ServiceNow/picard

How to fine-tune/evaluate/predict on custom dataset?

Dakingrai opened this issue · 2 comments

Hi Torsten,
Thank you for such excellent work!
I have a few queries about the usage of PICARD: I want to fine-tune your model on my custom dataset and then use it to evaluate/predict the dev/test set.
Based on previous issues in this repo, this is what I am trying:
Step 1: Started training T5-base using the following train.json file
{
"run_name": "t5-train",
"model_name_or_path": "t5-base",
"dataset": "spider",
"source_prefix": "",
"schema_serialization_type": "peteshaw",
"schema_serialization_randomized": false,
"schema_serialization_with_db_id": true,
"schema_serialization_with_db_content": true,
"normalize_query": true,
"target_with_db_id": true,
"output_dir": "/train",
"cache_dir": "/transformers_cache",
"do_train": true,
"do_eval": true,
"fp16": false,
"num_train_epochs": 3072,
"per_device_train_batch_size": 20,
"per_device_eval_batch_size": 1,
"gradient_accumulation_steps": 410,
"label_smoothing_factor": 0.0,
"learning_rate": 1e-4,
"adafactor": true,
"adam_eps": 1e-6,
"lr_scheduler_type": "constant",
"warmup_ratio": 0.0,
"warmup_steps": 0,
"seed": 1,
"report_to": ["wandb"],
"logging_strategy": "steps",
"logging_first_step": true,
"logging_steps": 4,
"load_best_model_at_end": true,
"metric_for_best_model": "exact_match",
"greater_is_better": true,
"save_total_limit": 128,
"save_steps": 64,
"evaluation_strategy": "steps",
"eval_steps": 64,
"predict_with_generate": true,
"num_beams": 1,
"num_beam_groups": 1,
"use_picard": false
}
For the training, I am using an A100 with 40GB and the problem is "the execution time", it shows for the base model is ~70 hours (150sec/it).
Question 1: Is this the expected behavior?
Question 2: should I make the "use_picard" flag true? Will this make any difference in training? (I guess eval probably will change?)
Step 2: Once this model is trained I will use it to fine-tune my custom dataset.
Question 3: Can you please guide me for this step. How can I use an existing trained model to fine-tune? Also, what about the "use_picard" flag, should I use it for fine-tuning?
Step 3: Once steps 1 and step 2 are done, I will try to evaluate the fine-tuned model (from step 2) on my custom dataset.
Question 4: I believe I should use, eval docker image (or serve?) for this?
Question 5: Can I skip the whole training process at all? I mean, you have already provided certain checkpoints like (3vnuv1vf), can I use them to fine-tune on our dataset ? If yes, can you please shed some light on it?

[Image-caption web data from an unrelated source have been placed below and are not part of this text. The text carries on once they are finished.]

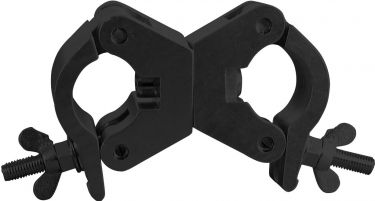 Eurolite TPC-35S Swivel Coupler, black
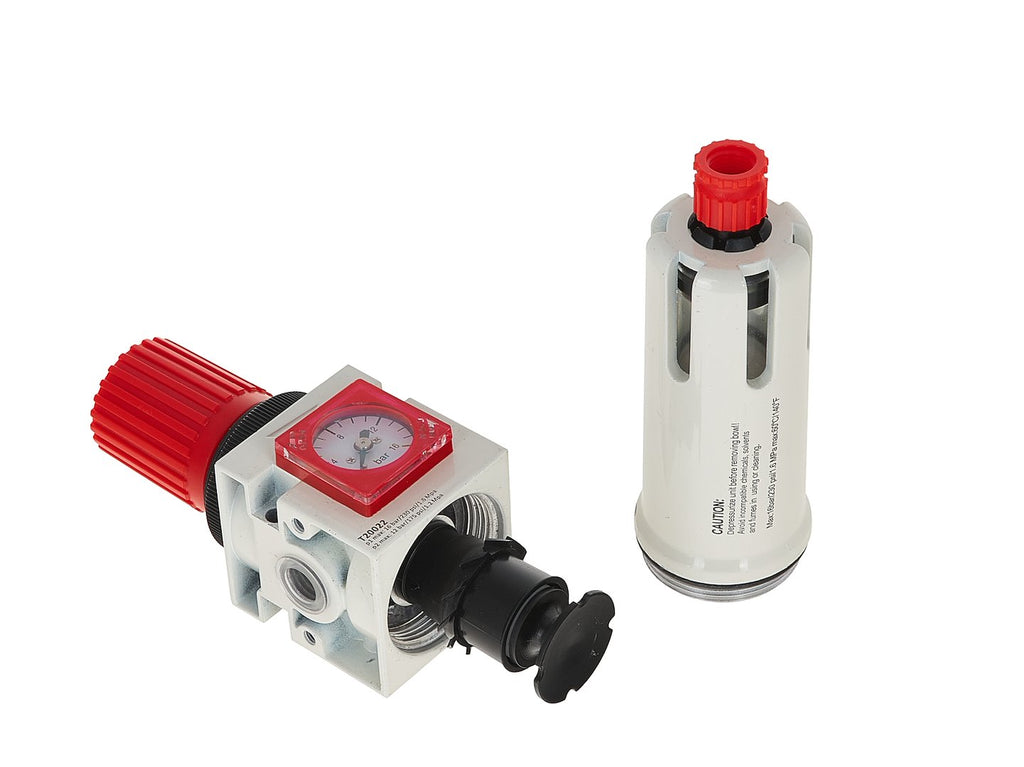 Filter Regulator 1/4"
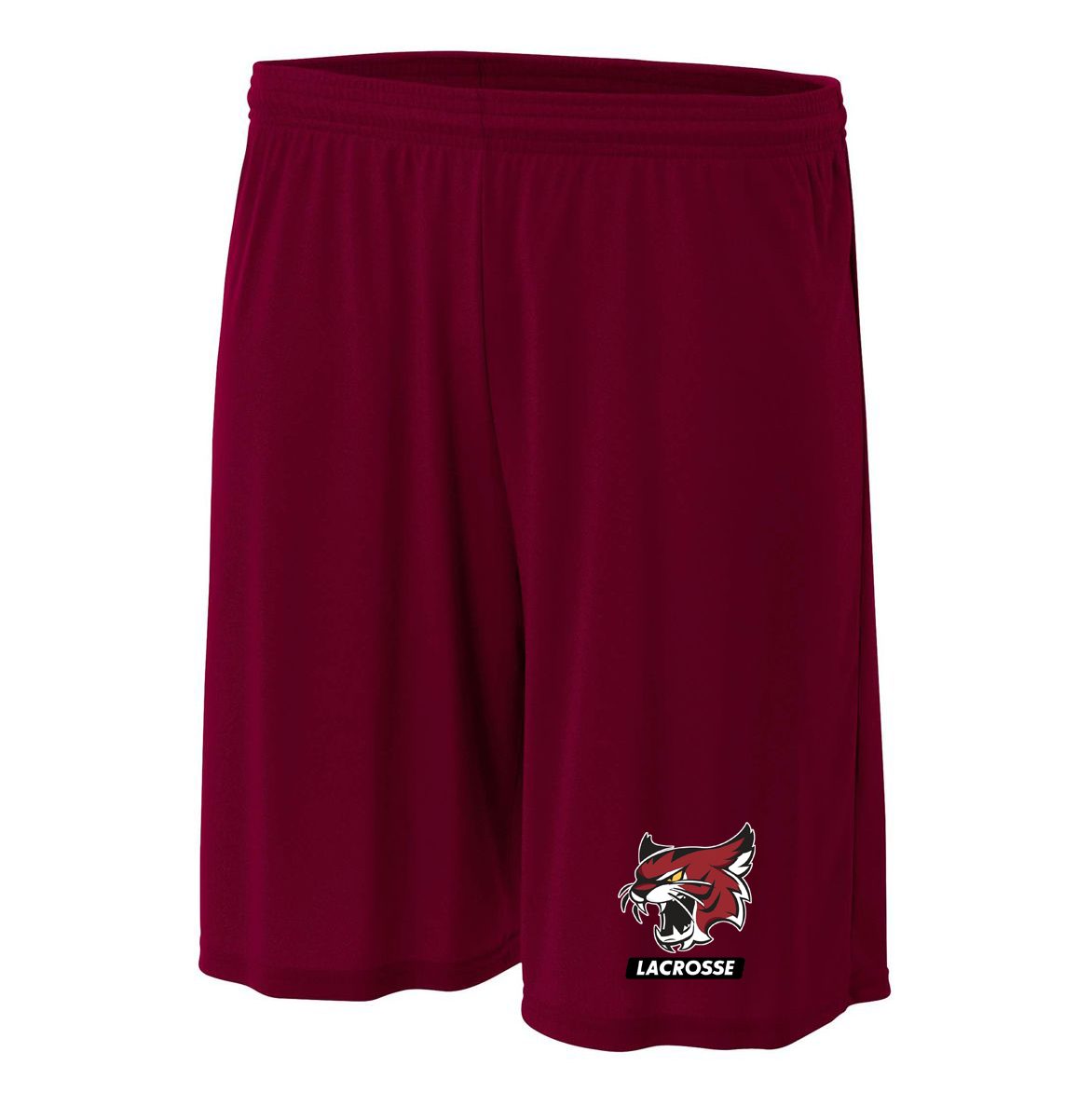 Whitman Lacrosse A4 Cooling 7" Performance Shorts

Thank you again for the excellent work, and I look forward to hearing from you 🙂

Hi @Dakingrai!

Q1: yes, training takes time...
Q2: if you set the flag to true, the best model will be chosen based on its eval accuracy with picard. if it's turned off, the best model will be chosen without picard. in my experience, it's safe to turn it off to find a good model.
Q3: You just start training from an model checkpoint. replace "t5-base" with its path.
Q4: use the eval docker image if you want to use picard constrained inference. use the train image if you don't want/need it.
Q5: you should try those. if you use train.json and do not change anything else, there is no good reason to retrain on spider.

Good luck!

Thank you, this was really helpful!